Additional Clinical Notes: Food allergy/sensitivity is a very common finding with biliary dysfunction.

LDH

Lactate Dehydrogenase or LDH is an enzyme found in all tissues of the body.

A high level in the blood can result from a number of different diseases such as hepatitis, anemia, etc.

Also, slightly elevated levels in the blood are common and usually do not indicate disease. The most common sources of LDH are the heart, liver, muscles, and red blood cells.

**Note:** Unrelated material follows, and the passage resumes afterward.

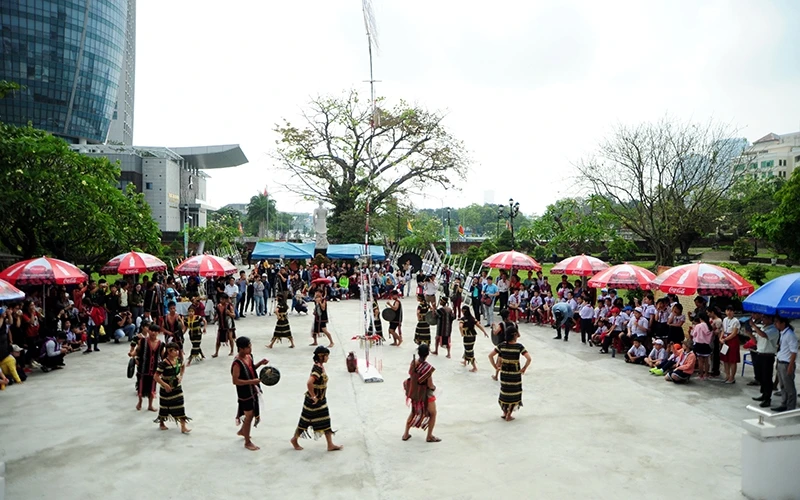 Học sinh tìm hiểu về lịch sử văn hóa dân tộc Cơ Tu tại Bảo tàng Ðà Nẵng.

  • Clinical Adult Range: 60-225 U/L
  • Optimal Adult Range: 140-200 U/L
  • Red Flag Range >250 U/L

Common Causes of LDH Increase

Liver/biliary dysfunction, pulmonary embolism, myocardial infarction, tissue inflammation, tissue destruction, malignancy anywhere in the body, several types of anemias

Clinical Note: LDH will frequently increase with low thyroid function.
Clinical Note: LDH is frequently increased with birth control usage.
Nutrition Note: Decreased LDH may indicate reactive hypoglycemia (check glucose).

TOTAL PROTEIN

Total Protein: This is a measure of the total amount of protein in your blood. The total protein is the combination of albumin and total globulin and is affected by albumin and total globulin.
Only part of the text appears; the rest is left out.